Note that while this is “optimal” placements, it is not the best sequence in-game. For example, sequence 8, 9, 10, 11, and 12 are going backwards. I’m not sure how to rewrite my program to account for the top-down placements per round however. So there’s still work to be done.

This was a relatively simple brute-force bot that exhaustively checked all possibilities for the best possible placement. So I’m pretty sure I’ve go the best placement here. Well, maybe it was more “Dynamic Programming”. I worked backwards: I calculated all possible 17-placement endgames (there’s only 1.081 million of them, aka 25-choose-17), and then back-calculated all possible moves back to move#1.

Then I calculate from move#1 forward, choosing the best endgame move now that all possible endgames have been searched. Chess-programming fans would know this as a “Tablebase” approach.


EDIT: Searching the ~60 million possible optimal games proved to be difficult, as my computer ran out of RAM at 2GB (ummm… I got a 32GB system here. WTF Windows?). I’m sure there was some compiler flag I messed up on.

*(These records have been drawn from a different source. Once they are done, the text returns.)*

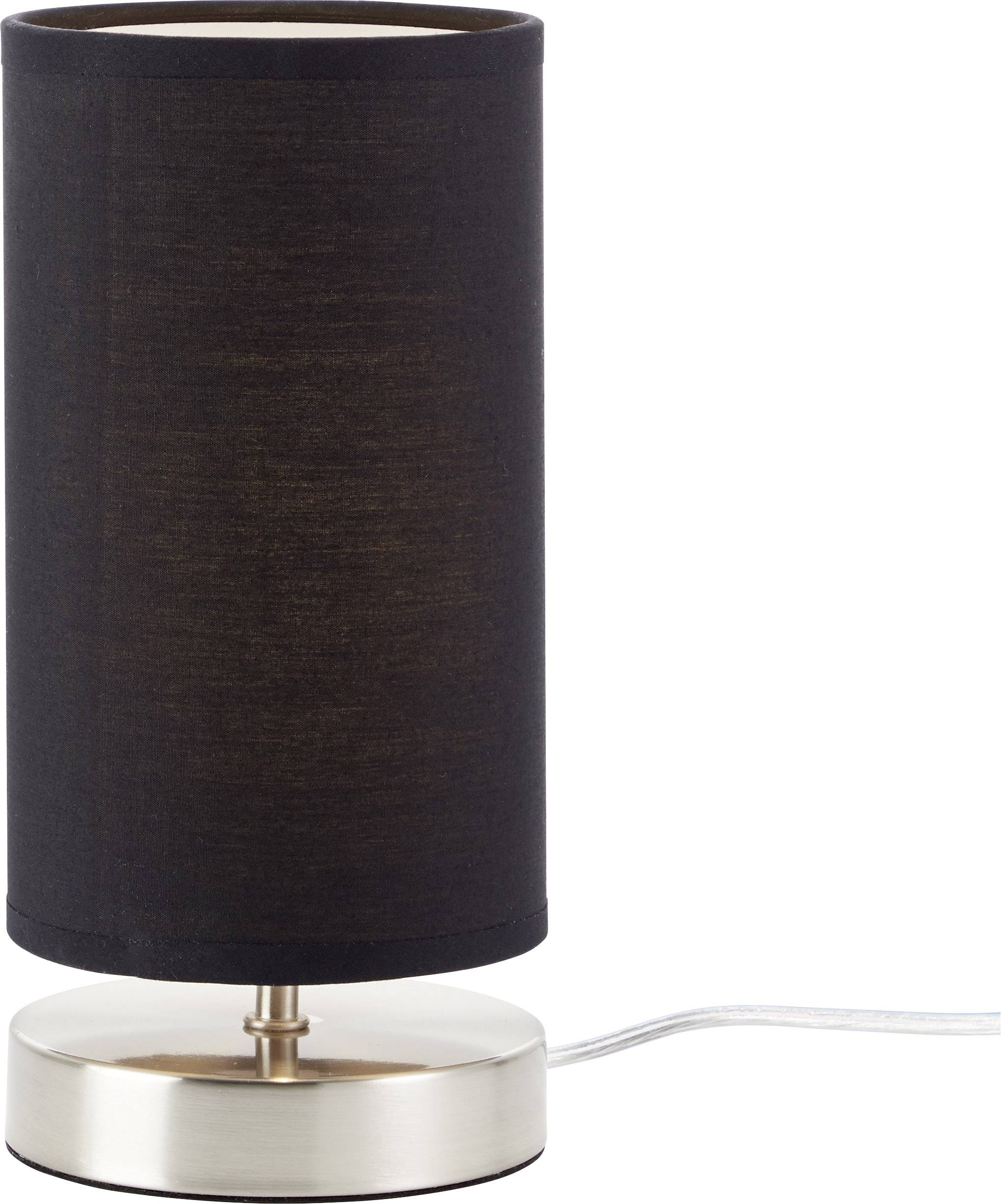 En sort bordlampe med en cylinderformet stofskærm, som står på en rund, sølvfarvet base med en ledning ved siden af.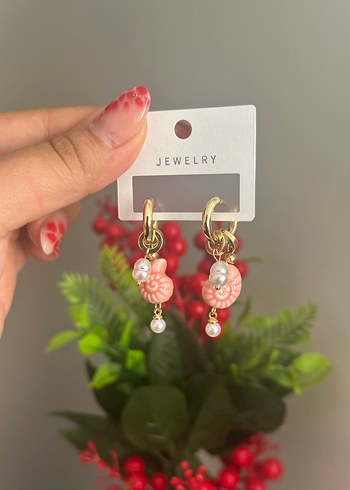 Zara ÇELİK CHARM SERAMİK İSTİRİDYE KÜPE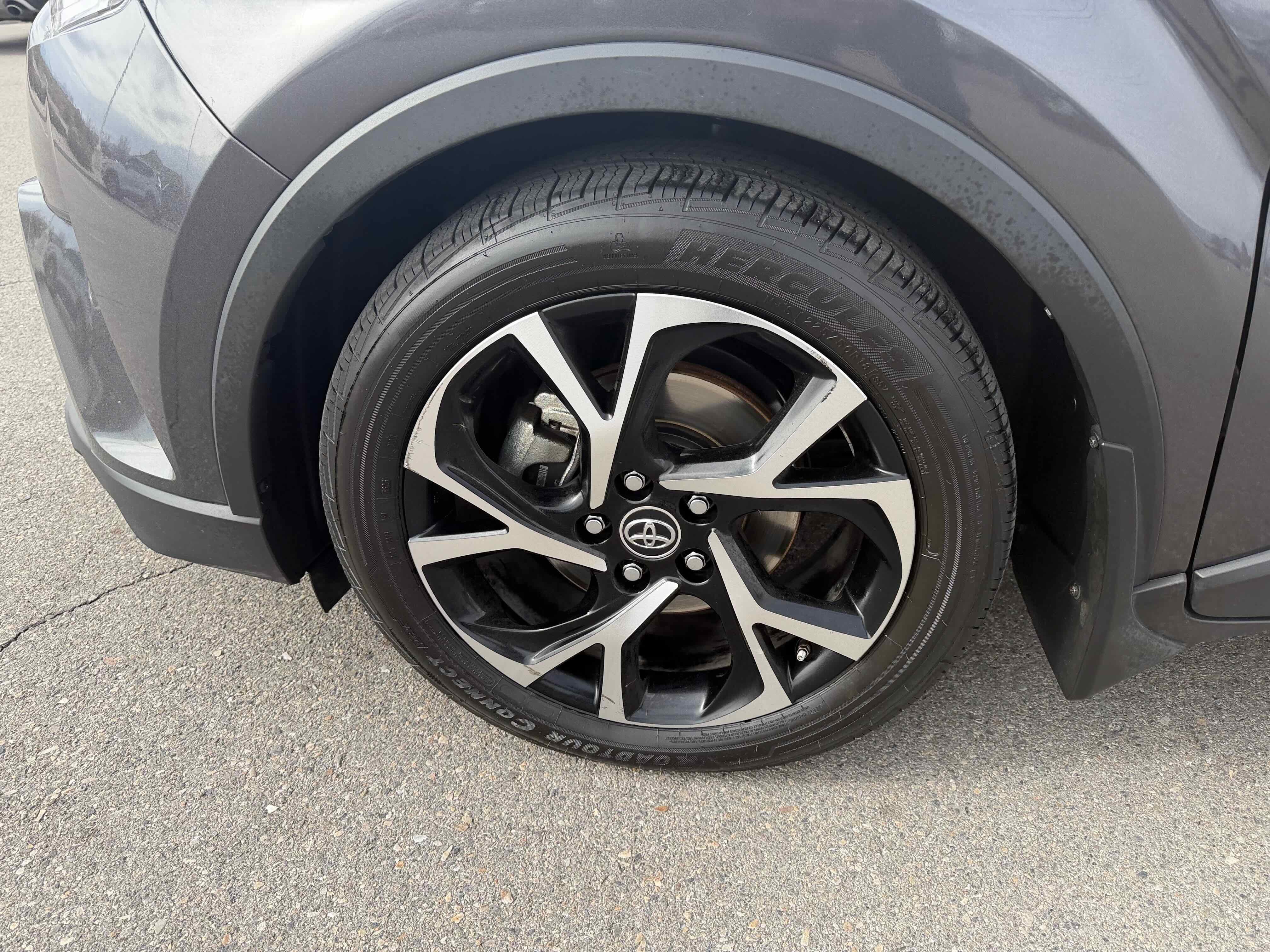 2019 Toyota C-HR XLE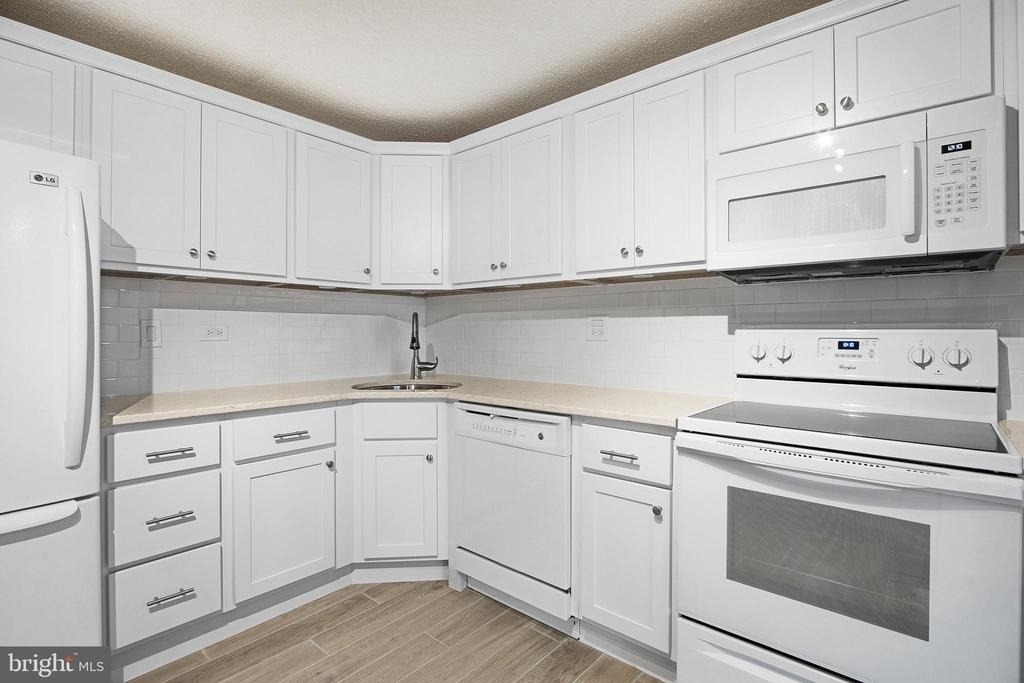 241 S 6th Street - Photo 4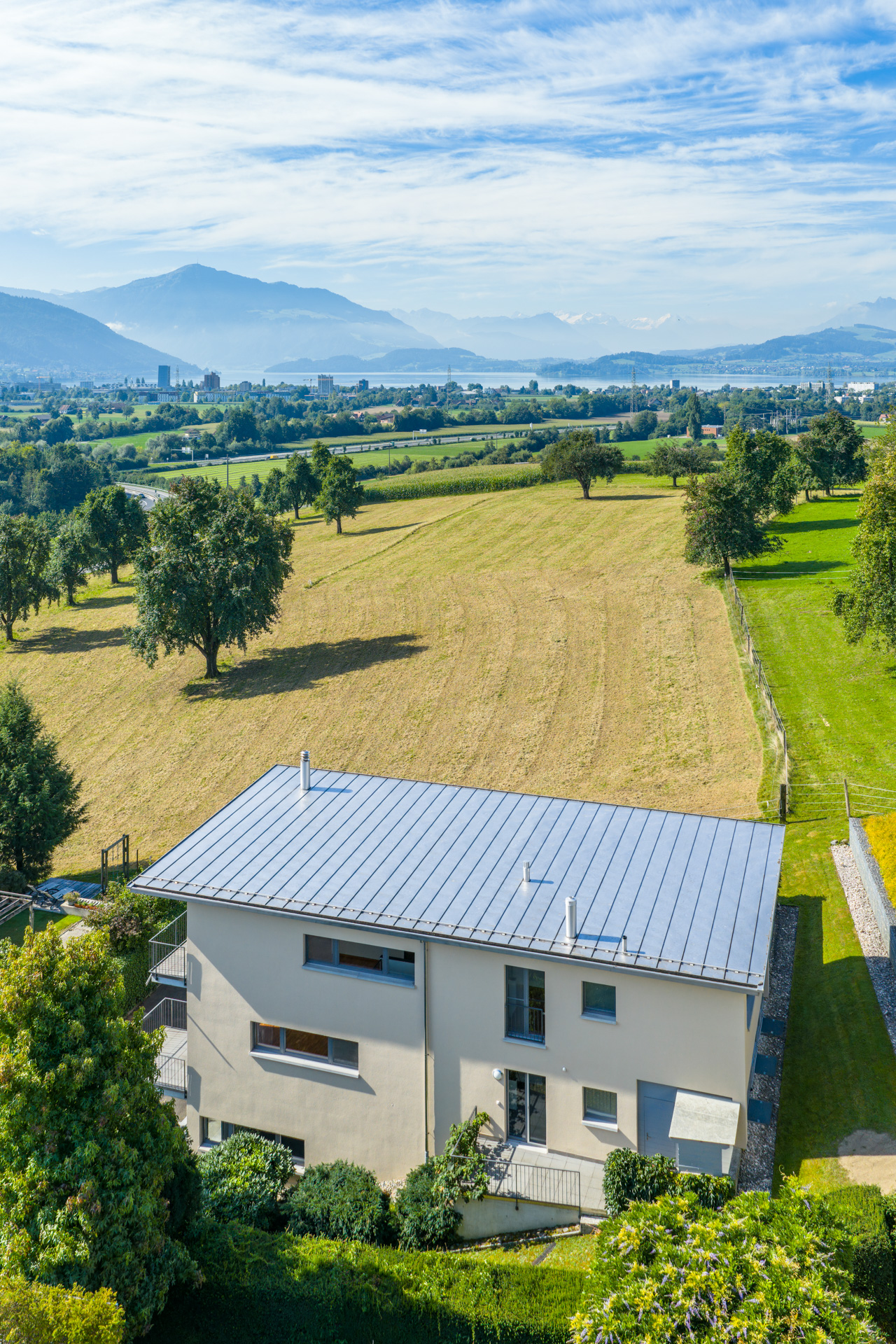 Modernes Haus mit Seeblick und Bergpanorama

But I did a few heuristics and came up with the following board:

This is a 17-placement across 5 rounds with as many placements on the “top” of the board that I could find with my program.


EDIT:

  • Optimal 11 Placement: 58 Points
  • Optimal 12 Placement: 63 Points
  • Optimal 13 Placement: 73 Points
  • Optimal 14 Placement: 82 Points
  • Optimal 15 Placement: 91 Points
  • Optimal 16 Placement: 99 Points
  • Optimal 17 Placement: 113 Points
  • Optimal 18 Placement: 123 Points
  • Optimal 19 Placement: 136 Points
  • Optimal 20 Placement: 147 Points
  • Optimal 21 Placement: 163 Points
  • Optimal 22 Placement: 174 Points
  • Optimal 23 Placement: 192 Points
  • Optimal 24 Placement: 211 Points
  • Optimal 25 Placement: 240 Points

  • @[email protected]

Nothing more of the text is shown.